Hay escenas que parecen repetirse generación tras generación en la Argentina. Un grupo de chicos reunidos en un recreo, las manos llenas de figuritas, la emoción de encontrar una difícil, el clásico "¿la tenés?" y la negociación interminable por una repetida. En tiempos de Mundial de Fútbol, esas postales vuelven a cobrar vida y forman parte de una tradición que atraviesa décadas.
Sin embargo, en un colegio privado de Mendoza decidieron ponerle un freno a ese ritual. Las autoridades del Colegio Nadino, ubicado en la Sexta Sección de Capital, solicitaron a las familias que los alumnos no lleven las figuritas del Mundial 2026 al establecimiento.
La decisión fue comunicada mediante un mensaje enviado por WhatsApp. Allí explicaron que los intercambios generan distracciones durante las clases, conflictos entre compañeros y situaciones vinculadas a pérdidas o extravíos de figuritas que terminan requiriendo la intervención de docentes y directivos.
Desde la institución señalaron que estas situaciones afectan el normal desarrollo de las actividades escolares y solicitaron el acompañamiento de las familias para evitar que los estudiantes concurran con los coleccionables.

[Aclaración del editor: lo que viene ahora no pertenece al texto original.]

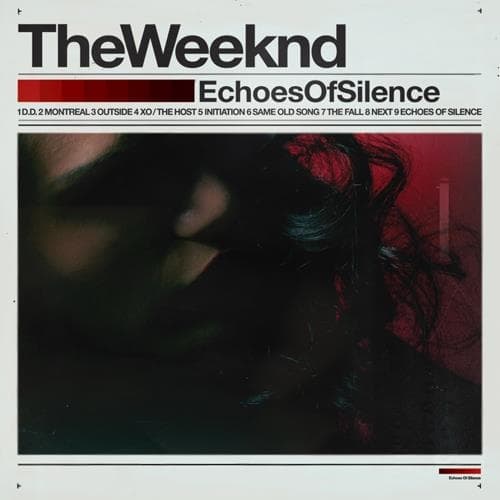 CD The Weeknd - Echoes of Silence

La medida, sin embargo, excede el plano organizativo y toca una fibra cultural profundamente argentina. Porque las figuritas del Mundial nunca fueron solamente papel impreso. Son una excusa para compartir, negociar, aprender reglas de convivencia, socializar y construir recuerdos que suelen perdurar mucho más que los resultados de un campeonato.
Mucho antes de los teléfonos inteligentes, las redes sociales y los videojuegos en línea, los recreos argentinos estuvieron poblados por álbumes, figuritas repetidas y rondas improvisadas de intercambio. Para miles de niños y niñas, completar un álbum era una aventura colectiva que se desarrollaba precisamente en esos espacios de encuentro cotidiano.
La escuela tiene la responsabilidad de garantizar el aprendizaje y el orden. Pero también es uno de los principales escenarios donde se construyen experiencias de amistad, pertenencia y juego. Por eso, la prohibición de las figuritas del Mundial 2026 reabre una pregunta que aparece cada tanto: ¿hasta dónde debe llegar la regulación de aquellas prácticas que forman parte de la cultura infantil?
Mientras el furor mundialista crece en todo el país, las figuritas seguirán circulando en plazas, clubes, veredas y reuniones familiares. En este colegio mendocino, en cambio, deberán esperar a la salida del timbre para volver a cambiar de manos y alimentar una de las tradiciones más entrañables del fútbol argentino.